• **What is needed**: Only the lines holding "トートバッグ" are wanted. Copy every one from the records below.

......

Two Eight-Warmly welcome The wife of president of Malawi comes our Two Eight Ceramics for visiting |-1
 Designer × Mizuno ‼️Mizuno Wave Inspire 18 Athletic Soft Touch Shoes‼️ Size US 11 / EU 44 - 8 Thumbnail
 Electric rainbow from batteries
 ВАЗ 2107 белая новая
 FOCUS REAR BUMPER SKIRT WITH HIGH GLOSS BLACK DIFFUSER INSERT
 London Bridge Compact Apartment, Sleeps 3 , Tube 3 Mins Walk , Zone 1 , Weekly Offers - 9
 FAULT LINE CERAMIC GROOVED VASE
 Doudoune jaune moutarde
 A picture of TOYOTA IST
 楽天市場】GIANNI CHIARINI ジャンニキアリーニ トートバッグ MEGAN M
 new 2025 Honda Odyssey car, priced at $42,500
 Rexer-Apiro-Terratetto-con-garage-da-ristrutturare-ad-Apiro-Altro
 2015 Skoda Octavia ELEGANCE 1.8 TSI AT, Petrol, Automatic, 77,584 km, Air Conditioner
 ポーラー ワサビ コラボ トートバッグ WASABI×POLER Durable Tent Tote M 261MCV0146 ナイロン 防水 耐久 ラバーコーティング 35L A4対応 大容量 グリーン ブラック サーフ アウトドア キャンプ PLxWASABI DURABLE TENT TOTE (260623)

......

• **Written solution**:
 楽天市場】GIANNI CHIARINI ジャンニキアリーニ トートバッグ MEGAN M
 ポーラー ワサビ コラボ トートバッグ WASABI×POLER Durable Tent Tote M 261MCV0146 ナイロン 防水 耐久 ラバーコーティング 35L A4対応 大容量 グリーン ブラック サーフ アウトドア キャンプ PLxWASABI DURABLE TENT TOTE (260623)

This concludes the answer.